*About this exercise:*
Could you write out the line containing "Conta lol Platina" and all the lines below it in the data, exactly, through the final one and nothing else?

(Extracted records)
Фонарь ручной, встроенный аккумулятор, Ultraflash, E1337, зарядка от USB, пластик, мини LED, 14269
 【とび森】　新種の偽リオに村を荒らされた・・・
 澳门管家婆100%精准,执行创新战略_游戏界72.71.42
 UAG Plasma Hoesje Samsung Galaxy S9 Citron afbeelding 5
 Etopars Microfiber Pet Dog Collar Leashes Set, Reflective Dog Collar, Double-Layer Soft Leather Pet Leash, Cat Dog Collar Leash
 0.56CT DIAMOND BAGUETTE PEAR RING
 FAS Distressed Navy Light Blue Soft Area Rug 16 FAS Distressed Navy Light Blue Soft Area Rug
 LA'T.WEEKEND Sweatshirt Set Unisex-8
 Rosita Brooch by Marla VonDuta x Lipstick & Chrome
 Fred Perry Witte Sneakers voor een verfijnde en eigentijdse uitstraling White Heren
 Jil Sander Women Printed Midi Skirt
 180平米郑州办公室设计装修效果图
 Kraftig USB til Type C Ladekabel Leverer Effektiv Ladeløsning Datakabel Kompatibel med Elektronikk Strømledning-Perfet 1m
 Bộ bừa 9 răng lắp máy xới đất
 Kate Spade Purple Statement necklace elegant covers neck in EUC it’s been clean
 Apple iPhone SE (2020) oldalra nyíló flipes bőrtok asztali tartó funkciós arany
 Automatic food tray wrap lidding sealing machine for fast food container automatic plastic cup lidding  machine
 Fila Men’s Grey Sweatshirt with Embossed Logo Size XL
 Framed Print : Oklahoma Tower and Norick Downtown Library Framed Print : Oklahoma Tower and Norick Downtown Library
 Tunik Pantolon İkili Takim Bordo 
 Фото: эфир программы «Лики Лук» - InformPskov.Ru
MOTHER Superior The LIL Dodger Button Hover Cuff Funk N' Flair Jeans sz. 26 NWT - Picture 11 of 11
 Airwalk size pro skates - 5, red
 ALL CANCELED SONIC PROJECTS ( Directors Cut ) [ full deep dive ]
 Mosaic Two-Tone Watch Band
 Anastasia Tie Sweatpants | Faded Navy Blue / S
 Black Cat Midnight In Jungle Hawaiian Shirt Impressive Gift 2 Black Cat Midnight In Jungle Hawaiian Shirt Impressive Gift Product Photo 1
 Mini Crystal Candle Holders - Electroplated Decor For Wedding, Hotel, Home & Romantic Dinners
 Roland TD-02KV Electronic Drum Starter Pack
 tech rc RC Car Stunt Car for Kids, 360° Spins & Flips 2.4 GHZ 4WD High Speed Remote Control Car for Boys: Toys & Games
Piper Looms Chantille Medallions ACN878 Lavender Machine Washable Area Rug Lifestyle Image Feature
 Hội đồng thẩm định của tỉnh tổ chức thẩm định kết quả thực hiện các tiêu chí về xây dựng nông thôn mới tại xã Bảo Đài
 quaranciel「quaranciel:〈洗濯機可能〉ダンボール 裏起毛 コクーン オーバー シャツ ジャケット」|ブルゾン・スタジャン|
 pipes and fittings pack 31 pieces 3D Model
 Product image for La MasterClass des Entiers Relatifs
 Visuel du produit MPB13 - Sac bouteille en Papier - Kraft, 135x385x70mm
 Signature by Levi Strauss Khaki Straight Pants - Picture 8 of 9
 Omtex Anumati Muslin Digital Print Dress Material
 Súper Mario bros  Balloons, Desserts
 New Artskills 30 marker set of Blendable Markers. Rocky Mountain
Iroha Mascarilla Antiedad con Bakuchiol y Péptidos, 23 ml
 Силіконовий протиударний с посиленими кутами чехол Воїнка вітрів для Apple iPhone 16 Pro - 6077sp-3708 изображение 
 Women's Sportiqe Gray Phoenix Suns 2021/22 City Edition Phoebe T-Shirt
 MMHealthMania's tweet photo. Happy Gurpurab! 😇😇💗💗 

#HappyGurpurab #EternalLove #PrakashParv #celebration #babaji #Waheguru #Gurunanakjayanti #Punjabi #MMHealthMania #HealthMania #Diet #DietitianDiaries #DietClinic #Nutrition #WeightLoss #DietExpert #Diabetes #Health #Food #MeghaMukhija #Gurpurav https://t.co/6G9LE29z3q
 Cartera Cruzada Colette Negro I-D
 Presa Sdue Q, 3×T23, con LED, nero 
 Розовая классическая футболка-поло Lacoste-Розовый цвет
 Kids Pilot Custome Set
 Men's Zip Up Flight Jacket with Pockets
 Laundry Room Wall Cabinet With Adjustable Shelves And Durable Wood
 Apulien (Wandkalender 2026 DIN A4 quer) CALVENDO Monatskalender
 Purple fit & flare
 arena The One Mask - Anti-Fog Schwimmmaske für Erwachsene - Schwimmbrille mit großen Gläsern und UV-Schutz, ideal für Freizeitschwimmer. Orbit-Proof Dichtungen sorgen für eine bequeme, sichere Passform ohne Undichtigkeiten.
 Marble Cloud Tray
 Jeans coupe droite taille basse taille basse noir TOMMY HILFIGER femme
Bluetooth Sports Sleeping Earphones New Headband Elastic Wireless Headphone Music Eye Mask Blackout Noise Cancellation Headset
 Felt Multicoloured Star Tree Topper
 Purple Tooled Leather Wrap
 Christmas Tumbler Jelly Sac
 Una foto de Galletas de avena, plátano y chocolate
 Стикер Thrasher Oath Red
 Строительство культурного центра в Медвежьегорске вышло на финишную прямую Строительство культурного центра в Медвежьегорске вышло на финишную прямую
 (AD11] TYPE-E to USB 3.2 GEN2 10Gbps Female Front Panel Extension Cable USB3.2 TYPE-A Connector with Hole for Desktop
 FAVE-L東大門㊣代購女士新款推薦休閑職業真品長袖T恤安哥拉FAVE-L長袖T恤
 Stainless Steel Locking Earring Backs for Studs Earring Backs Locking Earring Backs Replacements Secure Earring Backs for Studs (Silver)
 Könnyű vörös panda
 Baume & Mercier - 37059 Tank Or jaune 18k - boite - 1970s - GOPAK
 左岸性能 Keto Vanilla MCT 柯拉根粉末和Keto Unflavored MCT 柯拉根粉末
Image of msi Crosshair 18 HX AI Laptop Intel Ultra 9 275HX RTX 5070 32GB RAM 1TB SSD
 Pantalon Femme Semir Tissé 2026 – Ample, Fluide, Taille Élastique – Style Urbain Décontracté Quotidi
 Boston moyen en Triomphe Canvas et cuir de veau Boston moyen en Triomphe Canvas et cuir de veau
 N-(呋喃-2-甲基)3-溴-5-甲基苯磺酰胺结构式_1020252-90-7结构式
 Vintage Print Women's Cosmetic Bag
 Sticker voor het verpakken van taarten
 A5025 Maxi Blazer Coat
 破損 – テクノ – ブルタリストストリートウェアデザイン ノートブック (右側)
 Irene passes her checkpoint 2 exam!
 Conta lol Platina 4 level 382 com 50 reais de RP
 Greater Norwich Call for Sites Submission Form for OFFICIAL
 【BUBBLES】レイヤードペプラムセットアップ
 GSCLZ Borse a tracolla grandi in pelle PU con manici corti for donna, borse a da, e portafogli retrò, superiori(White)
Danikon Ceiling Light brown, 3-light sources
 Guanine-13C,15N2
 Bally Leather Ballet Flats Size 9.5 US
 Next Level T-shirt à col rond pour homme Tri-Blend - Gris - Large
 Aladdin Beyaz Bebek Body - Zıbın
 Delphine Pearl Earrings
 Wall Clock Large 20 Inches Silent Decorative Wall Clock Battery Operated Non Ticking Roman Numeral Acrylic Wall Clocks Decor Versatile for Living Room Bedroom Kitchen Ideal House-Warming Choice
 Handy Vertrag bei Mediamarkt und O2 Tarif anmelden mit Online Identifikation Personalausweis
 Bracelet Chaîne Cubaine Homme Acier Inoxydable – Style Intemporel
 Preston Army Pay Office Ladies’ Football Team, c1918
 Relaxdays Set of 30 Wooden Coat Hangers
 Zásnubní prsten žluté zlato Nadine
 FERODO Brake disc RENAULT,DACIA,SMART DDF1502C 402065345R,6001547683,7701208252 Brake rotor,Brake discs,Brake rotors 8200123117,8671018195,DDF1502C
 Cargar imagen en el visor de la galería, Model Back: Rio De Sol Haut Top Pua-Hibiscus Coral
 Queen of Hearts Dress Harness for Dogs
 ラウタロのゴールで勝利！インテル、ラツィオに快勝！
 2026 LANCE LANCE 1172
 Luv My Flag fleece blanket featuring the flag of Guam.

*Output for this exercise:*
 Conta lol Platina 4 level 382 com 50 reais de RP
 Greater Norwich Call for Sites Submission Form for OFFICIAL
 【BUBBLES】レイヤードペプラムセットアップ
 GSCLZ Borse a tracolla grandi in pelle PU con manici corti for donna, borse a da, e portafogli retrò, superiori(White)
Danikon Ceiling Light brown, 3-light sources
 Guanine-13C,15N2
 Bally Leather Ballet Flats Size 9.5 US
 Next Level T-shirt à col rond pour homme Tri-Blend - Gris - Large
 Aladdin Beyaz Bebek Body - Zıbın
 Delphine Pearl Earrings
 Wall Clock Large 20 Inches Silent Decorative Wall Clock Battery Operated Non Ticking Roman Numeral Acrylic Wall Clocks Decor Versatile for Living Room Bedroom Kitchen Ideal House-Warming Choice
 Handy Vertrag bei Mediamarkt und O2 Tarif anmelden mit Online Identifikation Personalausweis
 Bracelet Chaîne Cubaine Homme Acier Inoxydable – Style Intemporel
 Preston Army Pay Office Ladies’ Football Team, c1918
 Relaxdays Set of 30 Wooden Coat Hangers
 Zásnubní prsten žluté zlato Nadine
 FERODO Brake disc RENAULT,DACIA,SMART DDF1502C 402065345R,6001547683,7701208252 Brake rotor,Brake discs,Brake rotors 8200123117,8671018195,DDF1502C
 Cargar imagen en el visor de la galería, Model Back: Rio De Sol Haut Top Pua-Hibiscus Coral
 Queen of Hearts Dress Harness for Dogs
 ラウタロのゴールで勝利！インテル、ラツィオに快勝！
 2026 LANCE LANCE 1172
 Luv My Flag fleece blanket featuring the flag of Guam.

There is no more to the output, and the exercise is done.